SUMMARY OF THE INVENTION
[0010] To accomplish the foregoing and other objects of this
invention there is provided a torsional dissection tip for use with
an ultrasonic motor. The apparatus is especially suited for use
with and during orthopedic surgery. As aforesaid, the present art
utilizes a plurality of pyramid, tetrahedral, or other shaped teeth
arrayed on the working or cutting surface which are spaced in all
embodiments at least two times or less than the maximum aforesaid
displacement. (i.e. amplitude)
[0011] For the preferred embodiment, tooth pitch, i.e. distance
between successive teeth, is 0.3 or 1 mm, but may comprise any
length provided the aforesaid criteria are met. Alternative
embodiments of the present art may utilize any type of teeth with a
pitch which is substantially optimum for the torsional or
longitudinal displacement. For the present and prior art, torsional
vibration displacement is typically 300 microns (0.3 mm), with the
ratio of longitudinal to torsional displacement regulated by the
construction of the tip. While commercially available embodiments
of the prior art, such as available from Miwatec of Kawasaki Japan,
are capable of accomplishing the clinical objective of bone
removal, said prior art requires constant motion of the instrument
tip to avoid excessive heat generation, tissue necrosis, and
neuronal injury. It is theorized that this excessive heat
generation is caused by bone rubbing the sides of the grooves as
opposed to the tips of the grooves. That is, the instrument tip
typically has both longitudinal and torsional movement and said
longitudinal movement is substantially parallel with the prior art
grooves. This longitudinal movement when utilized with the prior
art does not remove tissue but simply heats said tissue. This
excessive heat generation is avoided in the present art via
utilization of said plurality of pyramid shaped teeth with the
aforesaid optimum spacing.
[0012] The present art invention comprises a longitudinal-torsional
resonator (L-T resonator) having a cutting surface tip comprising a
plurality of teeth arranged with a pitch, i.e. distance between
successive teeth in a plane of motion, substantially equal to the
torsional displacement of said tip.
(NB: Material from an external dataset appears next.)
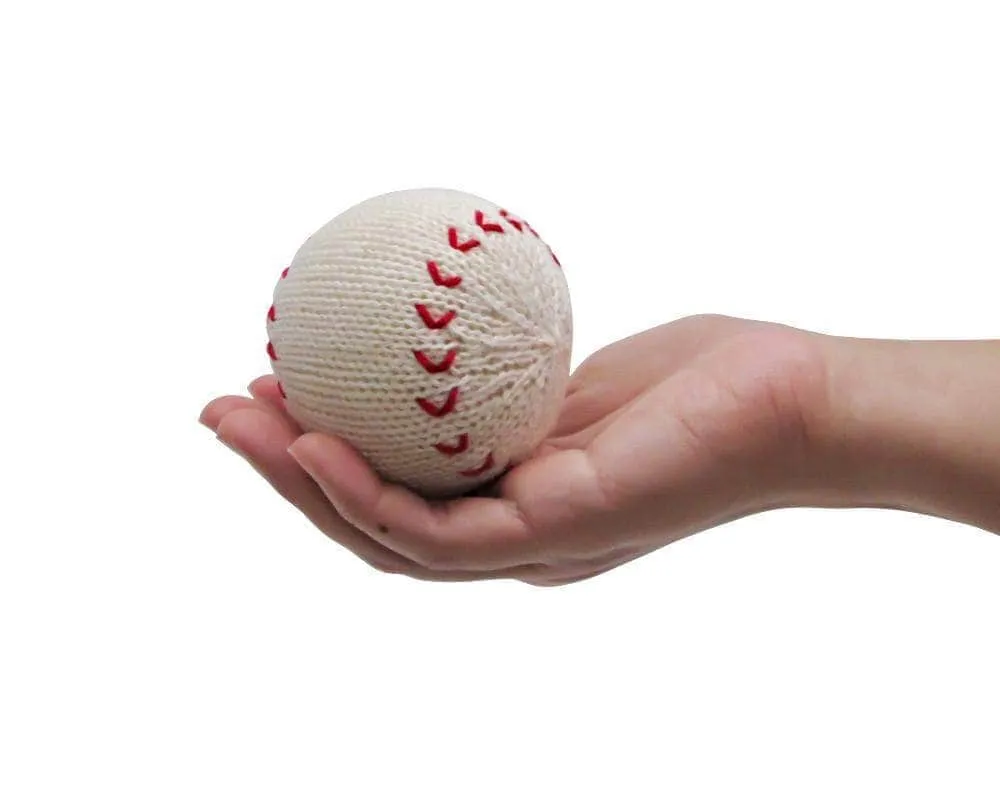 Organic Baby Ball Toy Rattles Set - Football, Baseball, Basketball & Tennis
Said L-T resonator has a first
or proximal end having a preferably female threaded portion which
connects with an ultrasonic generator or electro-mechanical
transducer and a second or distal end having said cutting surface
plane. A central axis of said L-T resonator is centrally located
and extends from said first end to said second end. In a preferred
embodiment, a tubular aspiration and/or irrigation path extends
from said threaded portion through said second end. Also in a
preferred form, from said first end to said second end said L-T
resonator tapers in step form with preferably three steps.
Alternative embodiments may utilize any number of steps or simply
taper said L-T resonator and further use numerous first end
connecting methods recognized within the art including but not
limited to screw threads, pins, press fits, welding, brazing or the
connection may be metallurgically continuous with the ultrasonic
generator. Said ultrasonic generator or electro-mechanical
transducer is described in the prior art and is only referenced
herein as it interfaces with the present invention.
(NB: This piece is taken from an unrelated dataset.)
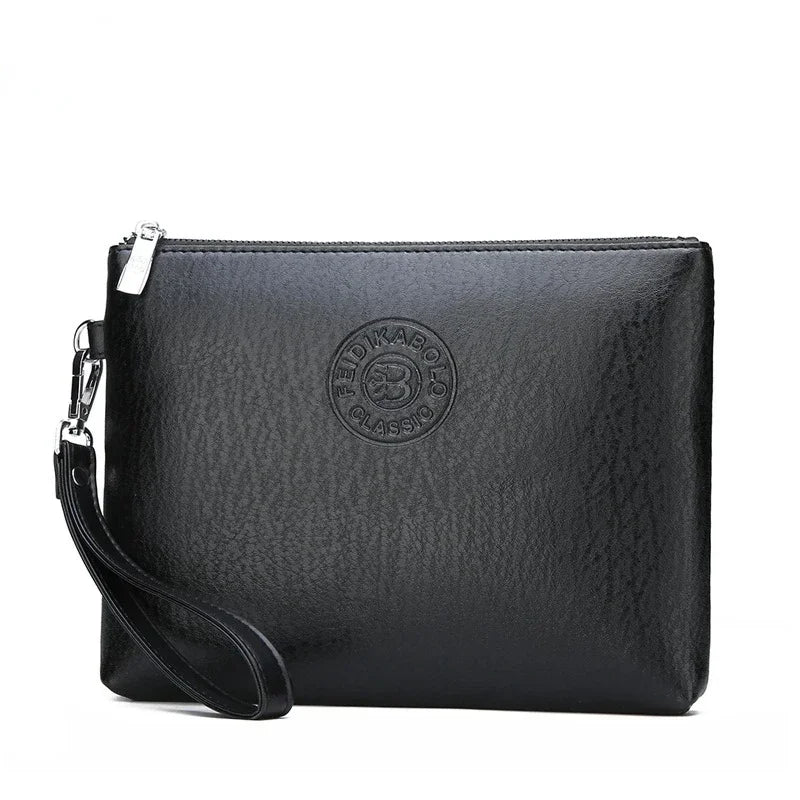 Black elegant PU leather men's clutch wallet with silver hardware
[0013] As described within the prior art, within the body of said
L-T resonator is a cross sectional mass which is inhomogeneous.
Said inhomogeneous section may take the form of twisting a flat bar
For grooving a round one, i.e. spiraling grooves around the
circumference, or varying the density or elasticity of the bar in a
helical manner. This inhomogeneity should preferentially be made in
the portion of the bar subjected to maximum stress. When the
aforesaid inhomogeneity is introduced, longitudinal motion of the
ultrasonic generator is at least partially converted into torsional
motion at the working surface or distal tip. In the preferred
embodiment, said inhomogeneity comprises a plurality of helical
grooves within the second step of the L-T resonator.
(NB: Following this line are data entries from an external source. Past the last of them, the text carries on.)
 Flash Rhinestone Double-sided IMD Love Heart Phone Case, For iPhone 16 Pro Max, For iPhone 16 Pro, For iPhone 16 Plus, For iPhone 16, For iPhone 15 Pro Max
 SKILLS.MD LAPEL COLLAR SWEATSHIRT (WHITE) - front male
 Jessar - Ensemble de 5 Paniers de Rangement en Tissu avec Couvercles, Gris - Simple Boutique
[0014] Said cutting surface plane is preferably positioned
substantially tangential and away from the outside diameter of the
L-T resonator at said second end. That is, said surface is
preferably positioned on a short arm at said second end away from
the outer diameter or circumference of said L-T resonator.
Preferably said cutting surface is planar or has a radius which
substantially conforms to the radius from the central axis of the
L-T resonator to the cutting surface. As shown in the figures, the
present art uniquely incorporates a plurality of cutting teeth on
said cutting surface which, unlike the prior art, are capable of
cutting hard tissue both longitudinally and torsionally. In the
form described, each of said teeth substantially come to a point
maximally away from said central axis. In a preferred form, said
teeth are pyramidal or tetrahedral in shape and uniformly
positioned onto said cutting surface. Said teeth may take
substantially one dimensional triangular or rectangular, cubical,
or other tetrahedral, pentahedral, or pyramidal forms with any
number of surfaces in alternative embodiments without departing
from the scope of the present art.
[0015] The present art invention allows the efficient removal of
bone with torsional or longitudinal emotion of the instrument tip.
The device may be applied to ultrasonic motors that vibrate
longitudinally, in torsion, or a combination of both longitudinal
and torsional motion. That is, unlike grooves of the prior art, the
present art plurality of teeth will remove dense tissues when
motion is applied in any two dimensional direction along the plane
of the plurality of teeth.
[0016] The vibration amplitude or displacement at the working
surface is typically approximately 300 microns (0.3 mm) and the
tooth pitch is, in a preferred embodiment, substantially equal to
said vibration amplitude. The shape of the teeth and array pattern
may take many forms provided the working surface provides a
plurality of teeth. For alternative embodiments, the tooth pitch
should be no greater than two times the vibration amplitude and as
aforesaid, in a preferred form, be equal to or less than the
vibration amplitude. This allows the path swept by the vibrating
teeth to coincide or overlap with the path of the adjacent tooth.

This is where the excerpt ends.